In order to fit (director John) Woo's repertoire into their concept of quality,sycophants have been quick to throw out phrases like "operatic violence."
If you're ever looking to conduct a circle jerk at a National Rifle Association meeting, this is the movie to get the process started. As the last film director John Woo made before leaving Hong Kong, "Hard-Boiled" is cocaine for gun owners. It contains more bullet-riddled corpses than you can imagine.
Inspector Yuen (Chow Yun-Fat), nicknamed Tequila, has been investigating the Triads for some time. At the beginning of the film his partner is killed, so Tequila decides to dedicate his life and all his available ammunition to taking out the responsible parties. Unfortunately, his progress is hindered when he discovers that another cop, Tony (Tony Leung), has infiltrated the gangs and gotten close enough to Johnny Wong (Anthony Wong) to discover how Wong conducts his arms business. The two are forced to team up to battle Wong and his gang when they discover that Wong's arms cachet is located in the basement of a hospital.

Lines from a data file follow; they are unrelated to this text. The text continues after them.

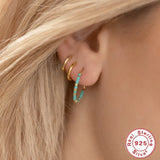 925 Silver Bohemian Bead Earrings Women Hoop Party Jewelry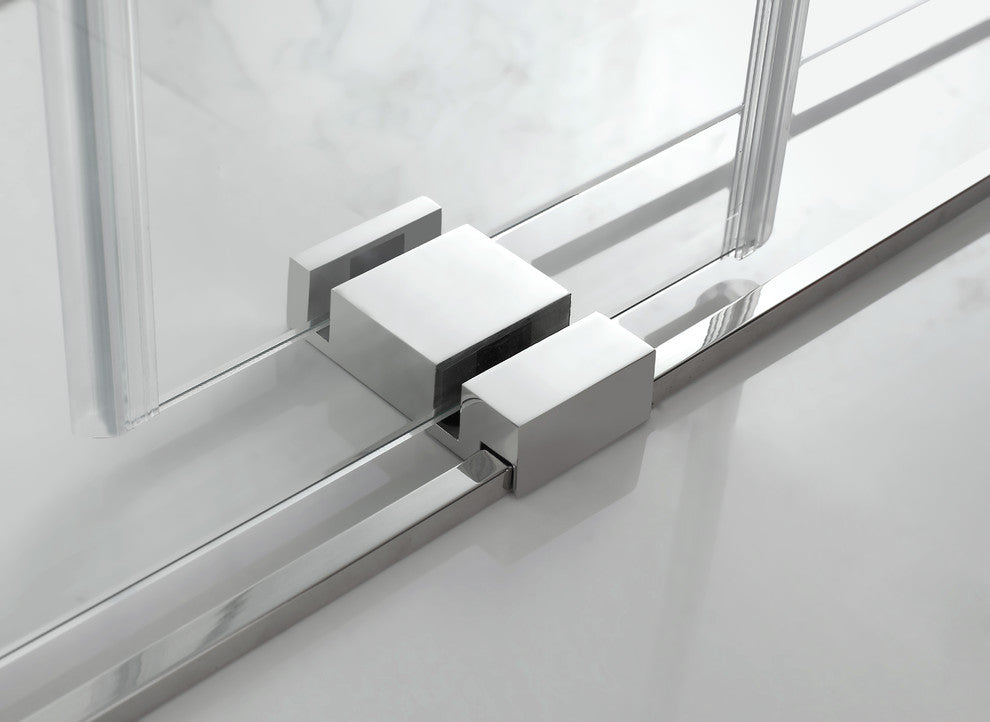 Coraline 44"-48"x76" Frameless Sliding Shower Door With Frosted Glass, Chrome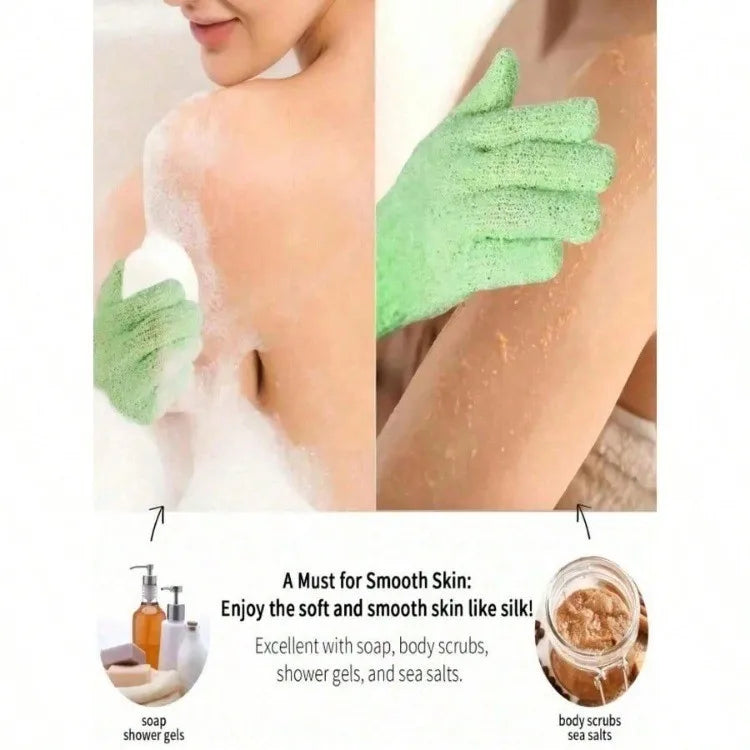 Nylon Exfoliating Bath Brush Gloves Double Sided Exfoliating Gloves for Beauty Spa Massage Skin Shower Scrubber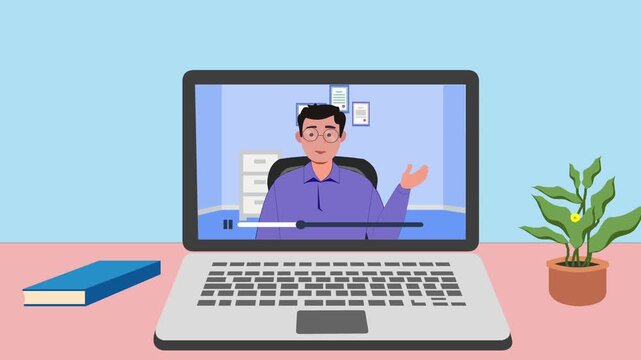Online Teaching Session With Male Instructor On Laptop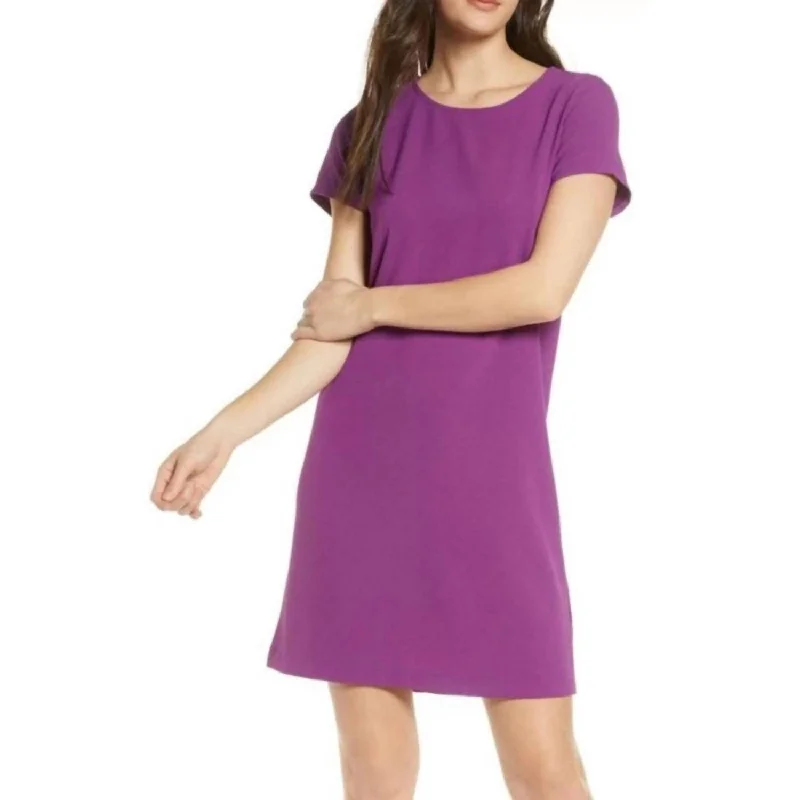 women's plus-size dressesShort Sleeve Mini Shift Dress In Purple Orb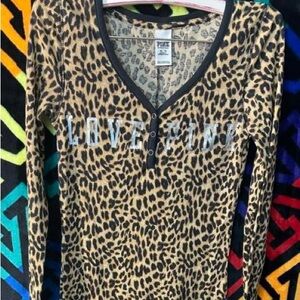 PINK Victoria's Secret Leopard Print Pajama Top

In order to fit Woo's repertoire into their concept of quality, sycophants have been quick to throw out phrases like "operatic violence." With "Hard-Boiled," analysis has focused on the discomfort associated with China's takeover of Hong Kong and how Woo expressed that alarm through the emotional detachment of his heroes. If that's the case, what's his excuse for "Hard Target"?
The fact of the matter is that Woo has yet to make a film that isn't littered with excessive violence. It's not that he's trying to express himself through this material -- it's that he doesn't know any better. His solution to every conceivable problem is "let's shoot somebody." This seems more like a qualification for the L.A.P.D. than for a filmmaker.